Dozens of people whose families’ lives are at risk in the Tigray region of Ethiopia marched through downtown Portland on Wednesday morning to bring attention to a war that has created a humanitarian crisis of epic proportions.

About 100 people from Maine and New England participated in the “End the Tigray Genocide and Manmade Famine” protest, which started at Portland City Hall and ended with a march up Congress Street.

Protesters said the march was intended to raise public awareness about the conflict in Ethiopia’s Tigray region, where millions of people have become isolated by a war between the Ethiopian government led by Prime Minister Abiy Ahmed and the Tigray People’s Liberation Front that erupted in November 2020.

The demonstrators in Portland said people in the Tigray region are starving, need water and have no access to medical supplies. Communications networks have been shut down, banks closed and aide workers from the United Nations were recently expelled from the African nation. Ahmed has aligned his forces with Eritrea, a nation on Ethiopia’s northern border.

About 100 people marched up Congress Street in downtown Portland on Wednesday to protest genocide and famine in the Tigray region of Ethiopia. They called for action by the U.S. government and international organizations to help stop the violence in Tigray. Brianna Soukup/Staff Photographer

Protesters characterized Ahmed as a dictator who is carrying out a genocide. They want the United Nations and the United States to intervene. Last month, Ethiopia kicked out seven United Nations officials it accused of “meddling” in the country’s internal affairs, The Associated Press reported. The expulsions are the government’s most dramatic move yet in the conflict to restrict humanitarian access to the region of 6 million people.
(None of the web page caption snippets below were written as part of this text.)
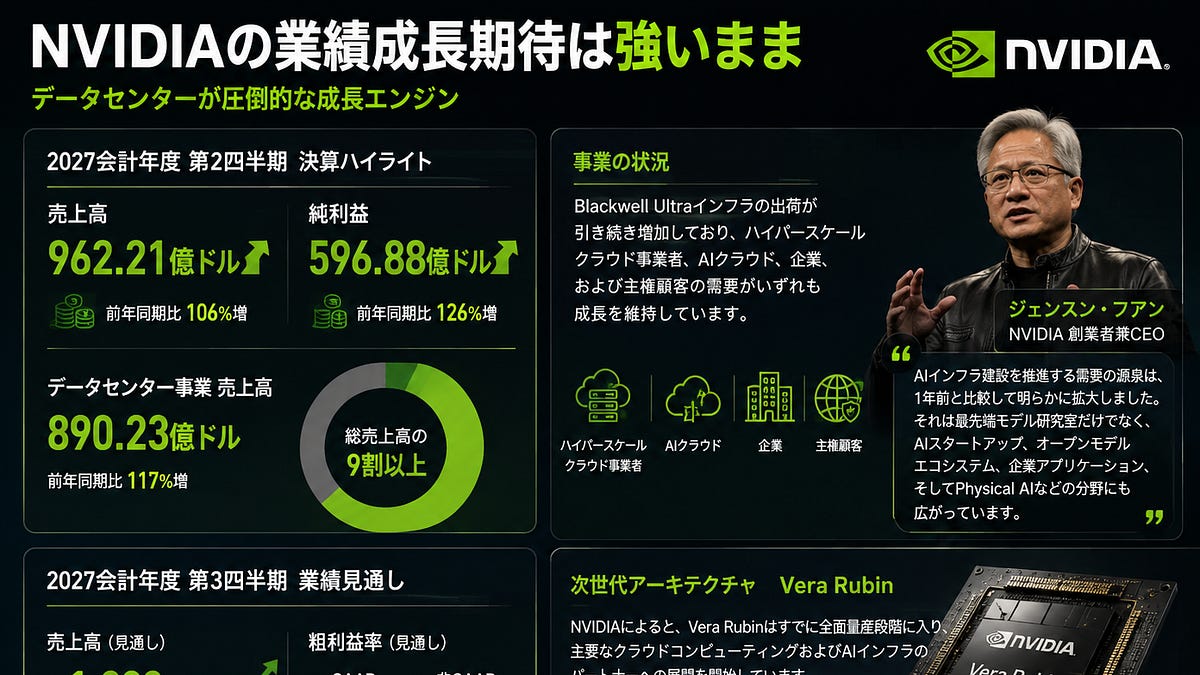 NVIDIA Beats, LPDDR6 Mass Production Begins, Taiwan Readies Rate Hike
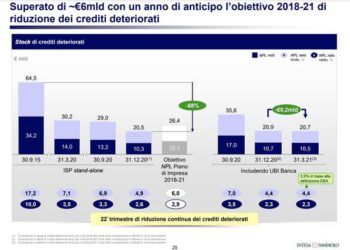 Intesa Sanpaolo vicina alla cessione di crediti deteriorati leasing per 1,1 mld euro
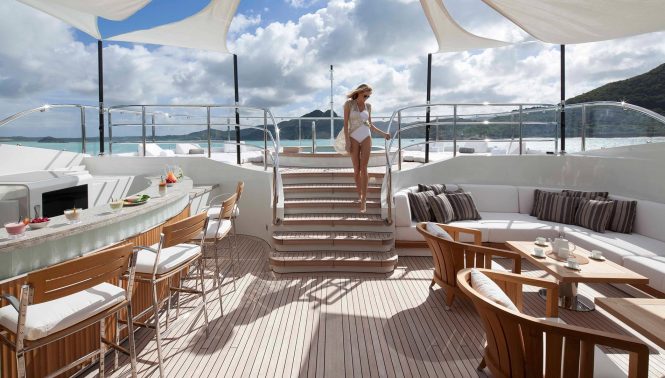 Top Caribbean Charter Yachts over 35m for Winter 2019​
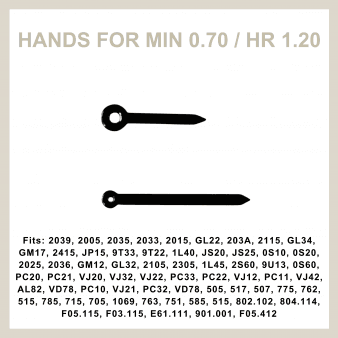 Hands for Min 0.70 / Hr 1.20 department imagery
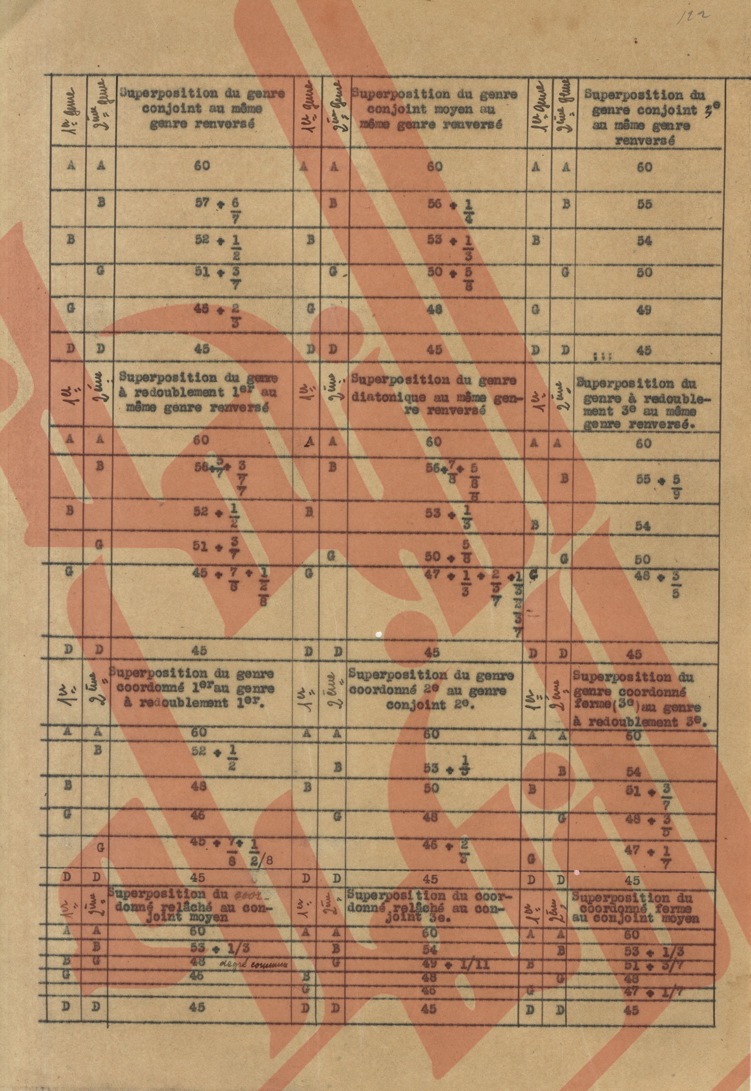 118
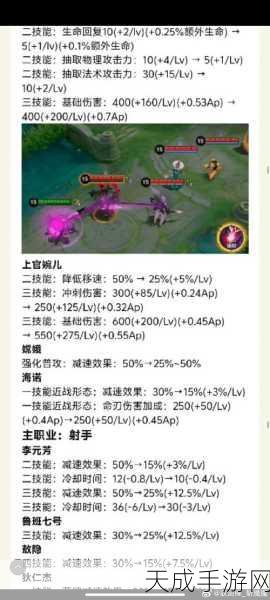 王者荣耀婉儿新玩法揭秘,笔墨纷飞,自创新招,尽享独特游戏魅力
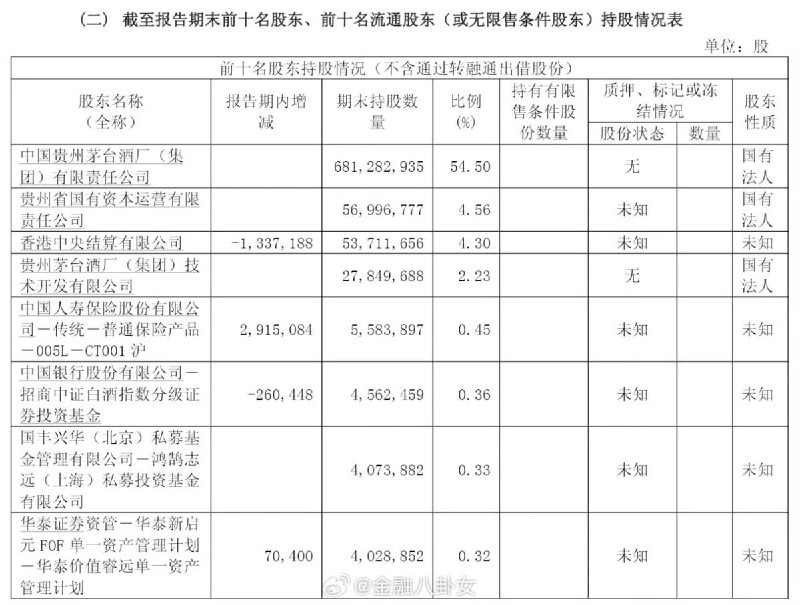 王局拍案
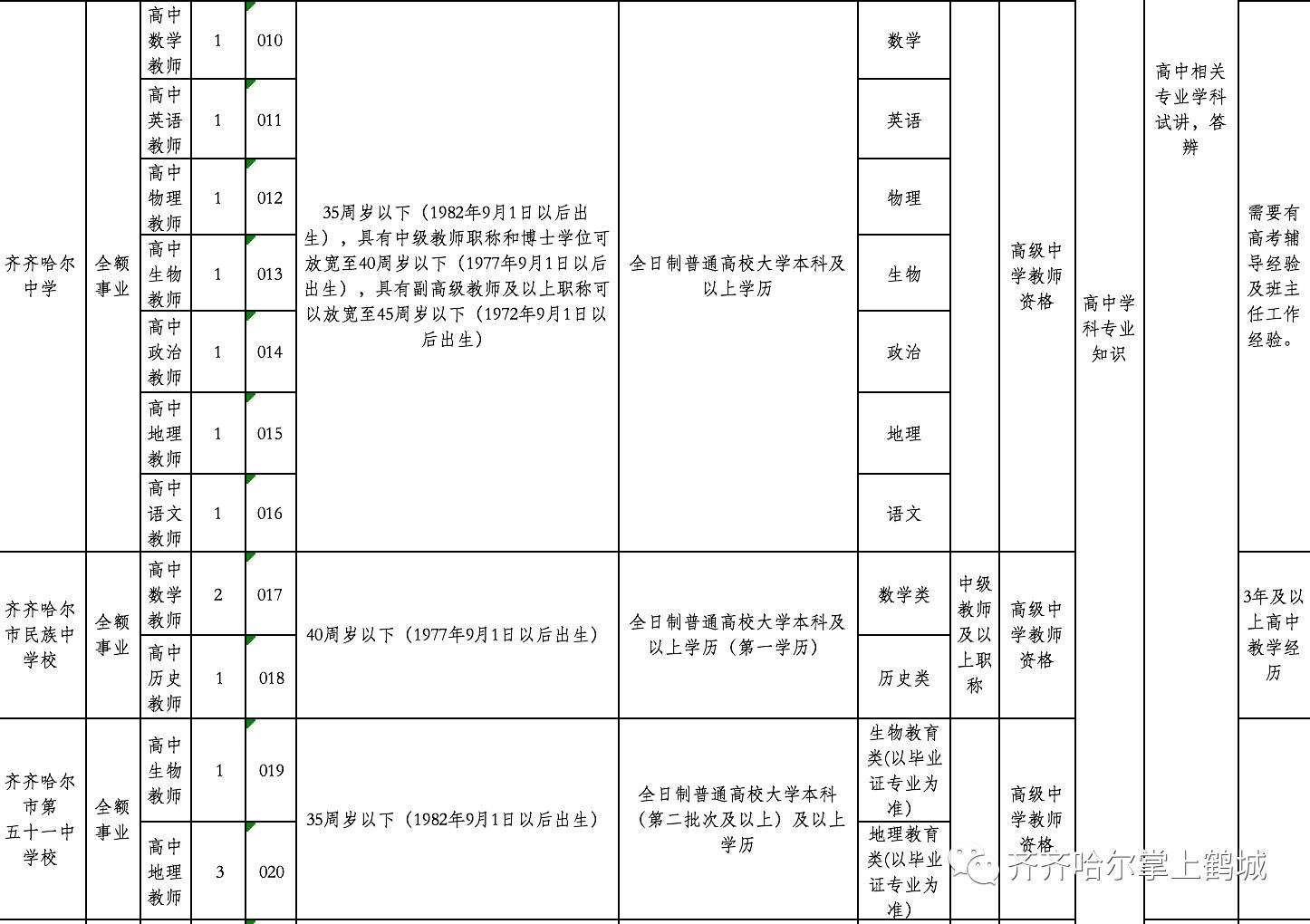 天空守望者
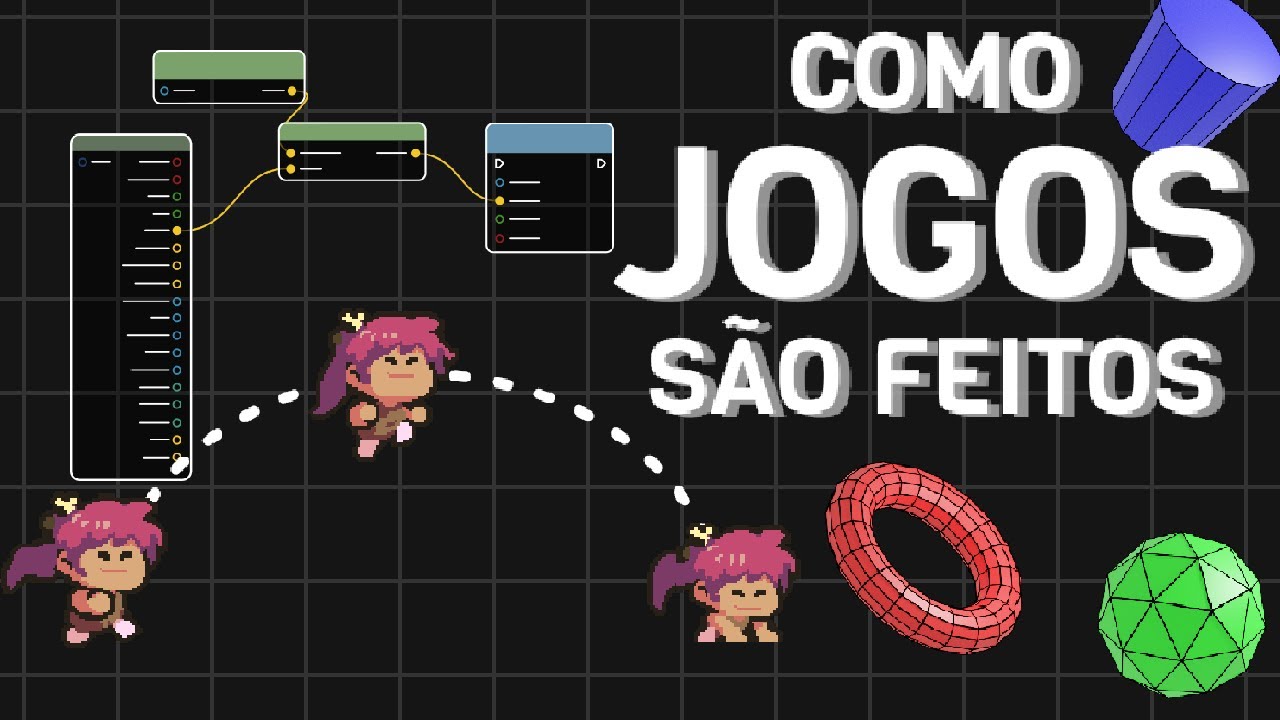 Como os jogos são feitos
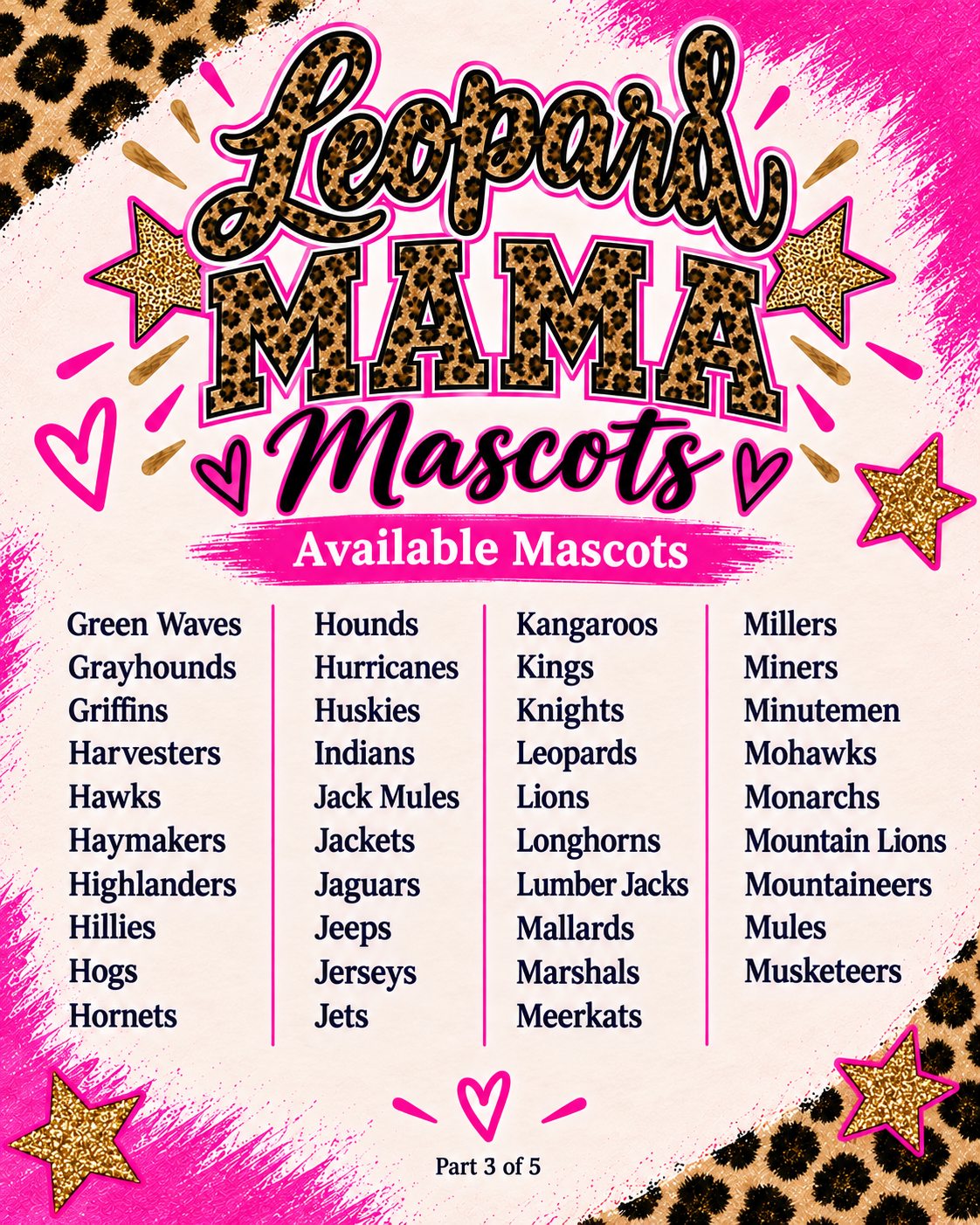 Leopard Mama Mascots (100+ Mascots!)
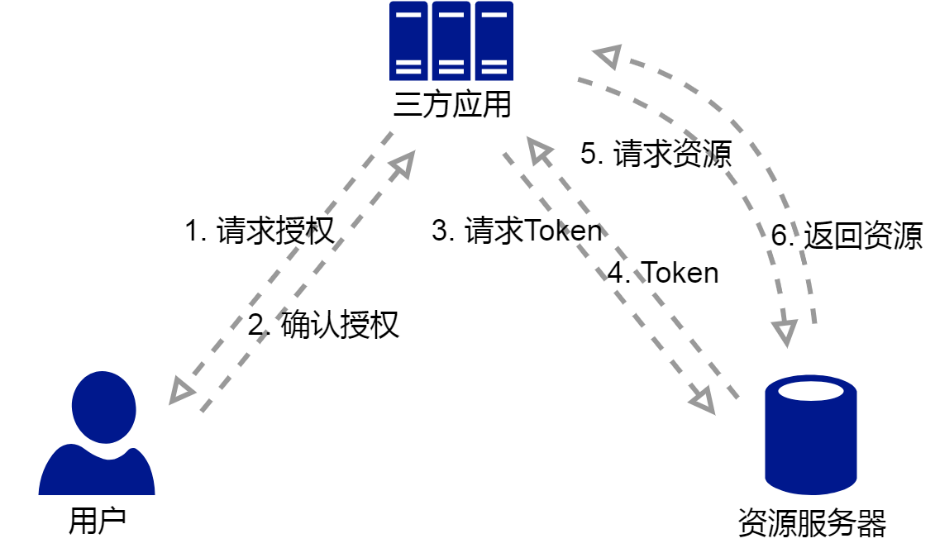 K8s 从懵圈到熟练 – 镜像拉取这件小事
Despite U.N. efforts, the flow of medical supplies, food and fuel into Tigray has been brought to a near-halt, the AP reported. Ethiopia’s government has accused humanitarian workers of supporting the Tigray forces who have been fighting its soldiers and allied forces.

Hagos Tsadik, who lives in Cape Elizabeth, helped organize Wednesday’s protest. He said he has not seen or spoken to his eight brothers and three sisters since the war started 11 months ago. Tsadik emigrated to the United States from Ethiopia in 1994.


He has submitted letters to members of Maine’s congressional delegation asking for help. At the very least, humanitarian workers should be granted unlimited access to Tigray, he said.

“In the last 11 months, since the start of the war, the Ethiopian and allied forces have committed grave atrocities against the people of Tigray,” Tsadik wrote. “They have massacred tens of thousands of civilians, forcibly displaced more than 2.5 million civilians, and have been on a campaign of weaponized sexual and gender-based violence. Of utmost concern is the government’s use of weaponized starvation, leaving around 1 million people of Tigray facing famine.”

“A lot of people, who came today cried, but we don’t need crying, we need action,” he said.

Nyawal Lia, left, of Falmouth, and Nyamuon Nguany of Portland participate in Wednesday’s protest against genocide and famine in Tigray. Lia and Nguany are both South Sudanese and decided to support the cause. “We’re from a neighboring country who went through something similar and we know how important it is to show up,” Nguany said. Brianna Soukup/Staff Photographer

Alem Sinke drove from Boston to Portland on Wednesday to participate in the march. Sinke emigrated to the United States in 1990, leaving a sister, their elderly mother as well as aunts and uncles behind in Tigray.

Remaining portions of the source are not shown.